MAKING OUT a strong case for an overhaul of the internal security apparatus, J&K Governor N N Vohra said Sunday that the country has not been able to develop a pan-Indian approach for national security and that central governments have not been able to convince states that they hold equal responsibility on this issue.
Delivering the 12th R N Kao memorial lecture at the Research and Analysis Wing (RAW) headquarters, Vohra’s suggestions included a new national security policy, a new anti-terror law, a specialised national security administrative cadre and the creation of a new ministry for national security.
“It (national security) is a crying concern and as a country, we are not conscious of security concerns,” he said.
Listing the complex security issues confronting the country, Vohra said, “It is erroneous to think that external and internal threats are different… States use the specious argument that they do not have funds for matters of internal security.”
The J&K Governor was critical of central paramilitary forces and Army being rushed in frequently for “dousing fires”. Excessive use of the Army in different parts of the country was “blunting” its edge since the rules of engagement for handling internal conflagrations needed “restraint”, he said.
However, Vohra did not make any direct reference to the situation in J&K during his critique of the handling of internal security issues between the Centre and states.
During his lecture, attended by the top brass of intelligence agencies, Vohra listed a three-pronged approach for refurbishing the internal security mechanism.
First, he said, there was an urgent need for promulgating a “well-considered and holistic” National Security Policy, which should be implemented with a time-bound action plan. “There are new threats before us….our response should not be ad hoc and disparate,” he said.
Vohra said that a “bi-partisan” policy should be promulgated in consultation with chief ministers using the platform of the Inter State Council and existing provisions of the Constitution.
Two, the Governor said that given the specialised nature of security challenges, there was a need for refurbishing the internal security administrative apparatus.
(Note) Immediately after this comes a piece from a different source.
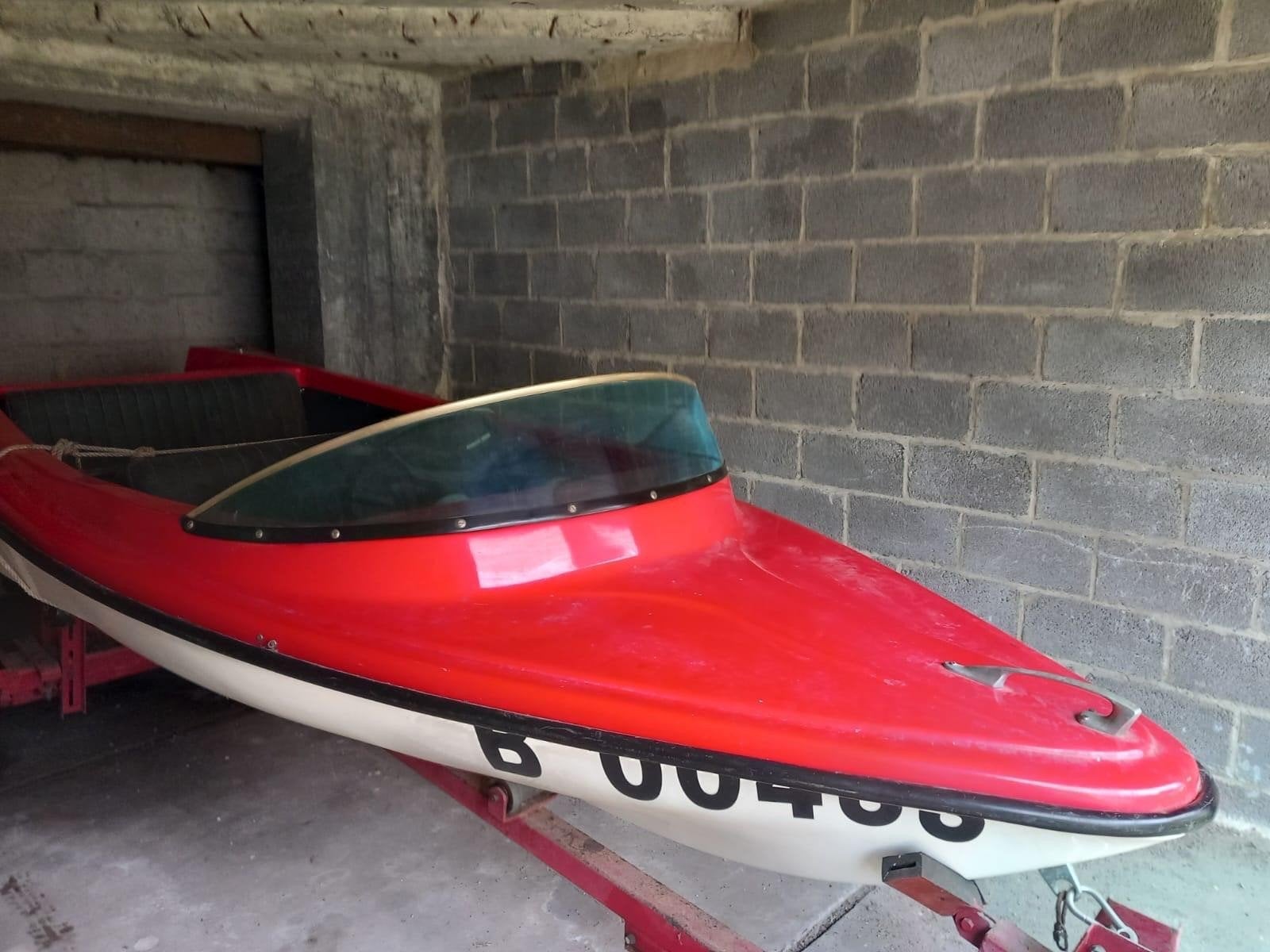Rode Polyester Weekend Bootje (jaren 70), Ophalen, Gebruikt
He said the Centre should consider setting up a National Security Administrative Service with deployment also made in states.
Finally, he argued there was a need for enactment of a new anti-terror law, which would have a more “enlarged” role than the National Intelligence Agency (NIA) which, he said, had been “set up in a hurry” in 2009. He also listed the “disparate” subjects and departments being clubbed under the Ministry of Home Affairs (MHA) and said that presently, there was need of setting up an exclusive ministry to handle issues of National Security at every front.
Speaking about the challenges confronting the country’s top sleuths, Vohra also made out a case for having an oversight mechanism to monitor the functioning of the Intelligence Bureau (IB) and RAW. While the J&K Governor suggested the British model be examined for adopting such a mechanism, former RAW chief Sanjeev Tripathi said during an interactive session that the US model might be more effective.
Asked about the 2012 Naresh Chandra Committee report, which had suggested similar proposals, former RAW chief K C Verma stood up to say that he “felt cheated” that the recommendations never saw the light of day.